3 points | by sichengo 7 hours ago ago

8 comments

$chrisjj 7 hours ago

> we somehow observe behaviors that resemble reasoning, abstraction, and even creativity.
Puleeze. You type a search into Google and it returns a news article. Did you observe Google being creative?
> where exactly does the apparent intelligence come from?
The user's gullibility.
[-]
- $sichengo 6 hours ago
  
  Hmm, good point, but google only retrieves information from the web but LLMs do generate a new continuations from learned distributions. I would say the interesting question is that why modeling reasoning traces at scale produces reasoning like behavior at all.
  [-]
  - $chrisjj 5 hours ago
    
    "Continuations"? Simple stochastic parrotry.
    > I would say the interesting question is that why modeling reasoning traces at scale produces reasoning like behavior at all.
    It doesn't. Its simply anthropomorphisation. The only reasoning you see is that of the sources - parotted by the bot.
- $verdverm 6 hours ago
  
  Dogs have intelligence, bees have intelligence, even slime molds some would argue. They are all different, yet still recognized. For you, why Ai is different?
  [-]
  - $chrisjj 6 hours ago
    
    Why is your fridge, toaster or keyfob different? Same applies.
    [-]
    - $ 5 hours ago
      
      [deleted]
$_wire_ 5 hours ago

The confusion arises from the question begging an arbitrary distinction of a token in isolation from all the state in the model and its progression in response to a prompt.
They work because while the process is generating a token at a time, each token has a location in an N-dimensional matrix of overlayed state networks for all the tokens in the training data, the tokens in the given prompt, and the sequence of tokens emitted so far for this prompt.

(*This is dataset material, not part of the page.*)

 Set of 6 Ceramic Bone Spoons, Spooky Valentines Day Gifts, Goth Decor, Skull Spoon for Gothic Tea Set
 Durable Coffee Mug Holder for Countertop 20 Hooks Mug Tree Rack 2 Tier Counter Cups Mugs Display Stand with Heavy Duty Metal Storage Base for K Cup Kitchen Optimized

As an analogy, an image on the screen is emitted a pixel at a time, but each pixel's state is coded as part of a network in a matrix that includes all the residual state from the point of image capture.

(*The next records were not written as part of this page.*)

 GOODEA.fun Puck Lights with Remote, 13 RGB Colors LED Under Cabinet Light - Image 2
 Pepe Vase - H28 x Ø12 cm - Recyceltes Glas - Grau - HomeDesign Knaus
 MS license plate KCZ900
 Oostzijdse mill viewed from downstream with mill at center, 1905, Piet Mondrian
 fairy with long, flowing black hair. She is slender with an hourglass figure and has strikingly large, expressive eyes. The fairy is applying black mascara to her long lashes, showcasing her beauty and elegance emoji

And just like an image on your screen the computer has no "ideas" about the contents of the presentation, but other subsystems may use mathematical approaches to selecting and categorizing images, filtering, etc.
The common regard that AI is thinking is purely a matter of appearances, and idiomatic terminology.

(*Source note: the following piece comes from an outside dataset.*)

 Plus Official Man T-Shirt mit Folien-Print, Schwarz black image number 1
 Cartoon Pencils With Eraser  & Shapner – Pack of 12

As to why we tend to become troubled by the resemblance of AI behavior to thought or creativity, but we are not at all troubled by how entire worlds exist within our TV sets is a matter of surprise and conditioning to the medium.
[-]
- $sichengo 5 hours ago
  
  Yes, I do admit that I simplified the mechanism in the article, but my question is why the scale of next-token prediction yields reasoning-like behavior.